Каково же отношение к Природе со стороны того миросозер­цания, которое может лечь в основу учения Розы Мира?

Вопрос очень обширный; однако нетрудно, мне кажется, за­ключить, в чем будет состоять главная особенность этого от­ношения. Ведь восприятие Розы Мира отличается прежде всего ощущением прозрачности физического слоя, перевешиванием про­свечивающих сквозь него слоев трансфизики, горячая любовь к этому переживанию и его старательное выпестывание. Это ощущение охватывает сферу культуры и истории—и отливается в учение метаисторическое; оно обращается к Солнцу, Луне, звездному небу — и делается основой учения вселенского, то есть метаэволюционного; оно охватывает земную природу—и нахо­дит свое выражение в учении о стихиалях. Учение же о стихиалях оказывается ветвью более общего учения о структуре Шаданакара—учения трансфизического.

Сколь ни были бы замутнены древние представления о стихи­алях (духах стихий в самом широком смысле) побочными приме­сями, внесенными ограниченностью человеческого воображения и ума, сколько бы аберраций ни искажало в пантеонах политеис­тических религий образы природных божеств — в самой основе этих вер лежит истина.

Но, конечно, нам предстоит постигать и почитать миры сти­хиалей уже совсем иначе, чем удавалось это народам древности. Опыт последующих стадий обогатил нас, расширил знания и обострил мистическую мысль.

Главные отличия нашей веры в стихиалей от веры древних вот в чем.

Древние антропоморфизировали свои представления о сти­хийных божествах; мы больше не ощущаем потребности прида­вать стихиалям человекоподобный образ.

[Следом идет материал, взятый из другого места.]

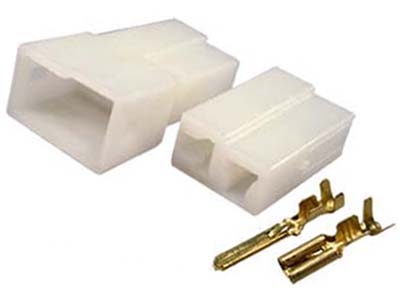 Kit Conector 2 Vias (Macho/Fêmea/Terminais - Fio 2.88mm)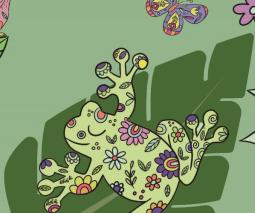 Dibujo de coqui sobre una hoja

Древние смотрели на эти миры, как на нечто раз навсегда данное и неизменное; мы отдаем себе отчет в факте их эволюции, хотя и непохожей на эволюцию нашего органического мира, и будем стремиться постичь ее пути.

Древние могли переживать связь с отдельными слоями стихи­алей, но неотчетливо разграничивали их друг от друга, а о путях становления этих монад у них не возникало даже догадок. Соб­ственно говоря, они не обладали ясным представлением о мно­жественности этих слоев. Для нас же множественность и взаимо­связь этих слоев и пути становления обитающих там монад делаются объектом трансфизического познания.

Древние были не в состоянии нарисовать себе общую картину планетарного космоса; мы гораздо четче дифференцируем каж­дый слой и включаем его, со всеми его специфическими особен­ностями, в общую панораму Шаданакара.

Древние не могли примирить веру в эти миры с верой в Еди­ного; для нас—между обеими этими верами нет никакого проти­воречия.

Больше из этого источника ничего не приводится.